Il est prévu de construire des stades, des piscines olympiques, des courts de tennis et d'autres installations sportives.
Avec cette nouvelle ville, l'Egypte ne veut pas seulement s'assurer l'événement sportif. La future capitale s'inscrit dans le projet «Egypt Vision 2030», qui vise à stimuler le développement économique du pays. Les coûts de la nouvelle capitale sont estimés à 59 milliards de dollars américains. Le projet est principalement financé par des crédits que les critiques jugent plutôt opaques.
L'un des plus grands sponsors est la Chine. En effet, la situation géographique de la capitale n'est pas anodine pour Pékin. La capitale se trouve non loin du canal de Suez, l'une des voies navigables les plus importantes du monde, qui relie la mer Rouge à la Méditerranée et évite aux navires de faire le tour du continent africain.
L'Empire du Milieu a mis à disposition du pays un crédit de trois milliards de dollars américains. La plus grande entreprise de construction chinoise, China State Construction Engineering, a pris en charge les travaux de construction. Pour 1,2 milliard de dollars supplémentaires, la Chine a financé le monorail qui relie Le Caire à la nouvelle cité administrative.
La coopération a eu lieu dans le cadre de l'initiative «Belt and Road» (nouvelle route de la soie), une stratégie lancée par la Chine visant à relier l'Asie à l'Afrique et à l'Europe par des réseaux terrestres et maritimes. Le canal de Suez fait également partie de la Route de la Soie.

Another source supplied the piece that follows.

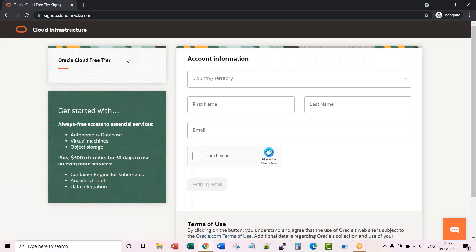Hey there, thanks for joining this lecture. In this lecture, I will walk you through the setup of a free-tier account for Oracle Cloud Infrastructure, OCI. You have to log into this URL: signup.cloud.oracle.com.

Et qui y habitera bientôt? Cela n'a pas encore été communiqué. Ce qui est certain, c'est que les appartements sont proposés à des prix très élevés. Un appartement de deux pièces coûte en moyenne environ 50 000 dollars ─ et ce dans un pays où un tiers de la population vit dans la pauvreté.
Le politologue égyptien, Maged Mandour, qui écrit sur les affaires du monde arabe et plus particulièrement sur les changements sociaux au Moyen-Orient, a déclaré au New York times:
La nouvelle ville doit être un jour le symbole de l'essor économique. Une ville de tous les superlatifs. Il est bien possible qu'elle devienne aussi un autre symbole du fossé entre riches et pauvres en Egypte.